From: "Fabian Grünbichler" <f.gruenbichler@proxmox.com>
To: Denis Kanchev <denis.kanchev@storpool.com>
Cc: Wolfgang Bumiller <w.bumiller@proxmox.com>,
Proxmox VE development discussion <pve-devel@lists.proxmox.com>
Subject: Re: [pve-devel] PVE child process behavior question
Date: Mon, 2 Jun 2025 09:37:17 +0200 (CEST) [thread overview]
Message-ID: <1695649345.530.1748849837156@webmail.proxmox.com> (raw)
In-Reply-To: <CAHXTzumXeyJQQCj+45Hmy5qdU+BTFBYbHVgPy0u3VS-qS=_bDQ@mail.gmail.com>
> Denis Kanchev <denis.kanchev@storpool.com> hat am 29.05.2025 09:33 CEST geschrieben:
>
>
> The issue here is that the storage plugin activate_volume() is called after migration cancel which in case of network shared storage can make things bad.

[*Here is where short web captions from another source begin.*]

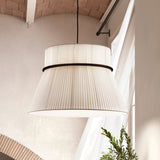 Folie S/60 Ribbon Tiered Pendant Light in White, with pleated two-tier drum shade and dark ring join, hanging in a room with vaulted brick ceiling.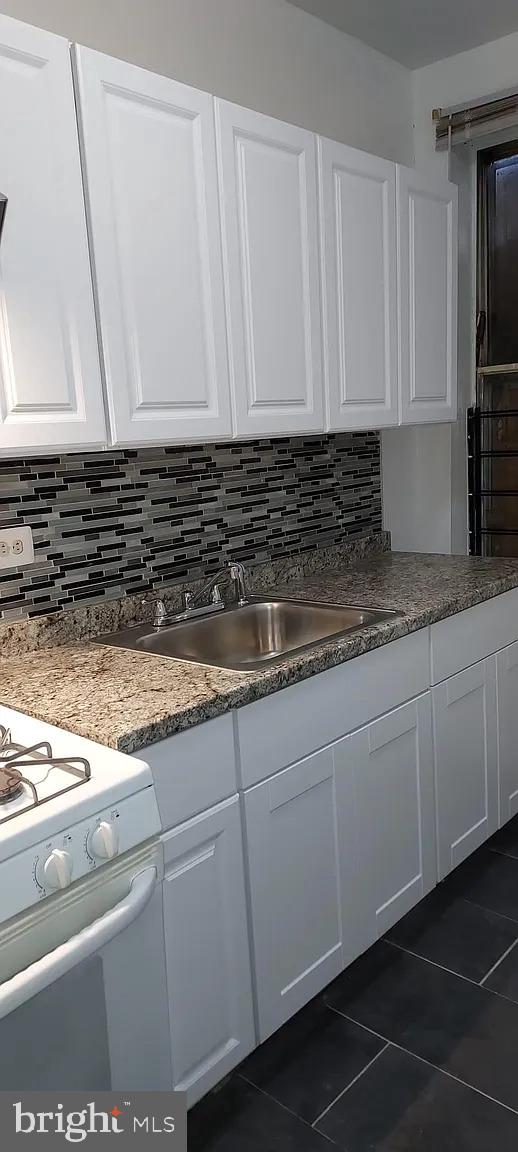 kitchen featuring tasteful backsplash, a sink, white cabinetry, and white range with gas cooktop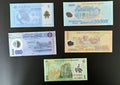 Assorted world banknotes from Vietnam, Romania, Iraq, and others on a black background.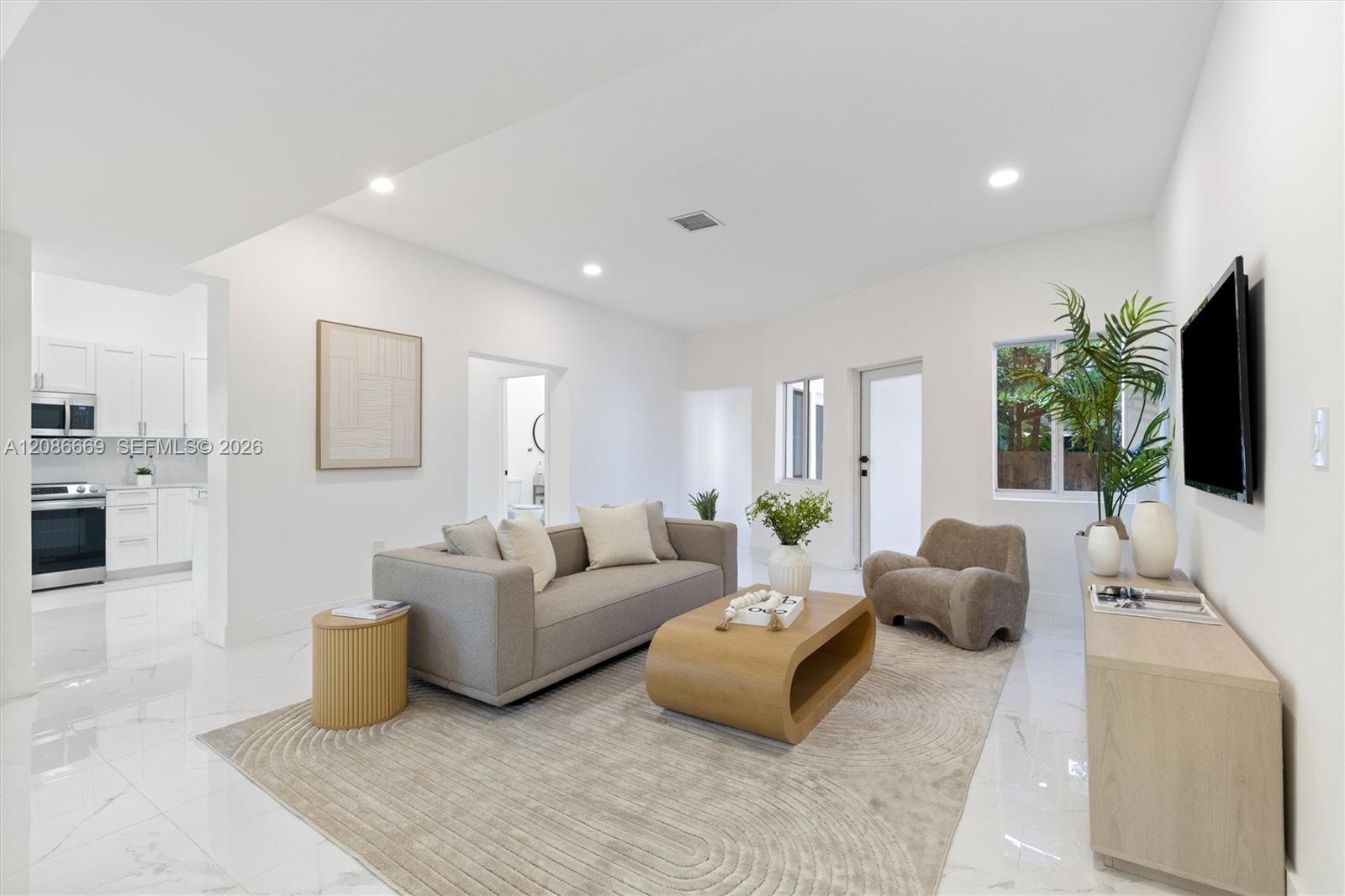 Staged living room with a gray sofa, sculptural wood coffee table, and open kitchen.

> This is a sort of race condition, because migration_cancel wont stop the storage migration on the remote server. As you can see below a call to activate_volume() is performed after migration_cancel.

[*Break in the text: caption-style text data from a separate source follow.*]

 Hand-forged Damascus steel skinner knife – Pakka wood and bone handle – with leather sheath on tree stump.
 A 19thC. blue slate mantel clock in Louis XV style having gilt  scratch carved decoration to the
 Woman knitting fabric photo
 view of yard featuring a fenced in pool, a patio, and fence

> In this case we issue volume detach from the old node ( to keep the data consistent ) and we end up with a VM ( not migrated ) without this volume attached.
> We keep a track if activate_volume() is used for migration by the flag 'lock' => 'migrate', which is cleared on migration_cancel - in case of migration we won't detach the volume from the old VM.
> In short: when the parent of this storage migration task gets killed, the source node stops the migration, but the storage migration on the destination node continues.
>
> Source node:
> 2025-04-11 03:26:50 starting migration of VM 2421 to node 'telpr01pve03' (10.10.17.3)
> 2025-04-11 03:26:50 starting VM 2421 on remote node 'telpr01pve03'
> 2025-04-11 03:26:52 ERROR: online migrate failure - remote command failed with exit code 255
> 2025-04-11 03:26:52 aborting phase 2 - cleanup resources
> 2025-04-11 03:26:52 migrate_cancel # <<< NOTE the time2025-04-11 03:26:53 ERROR: migration finished with problems (duration 00:00:03)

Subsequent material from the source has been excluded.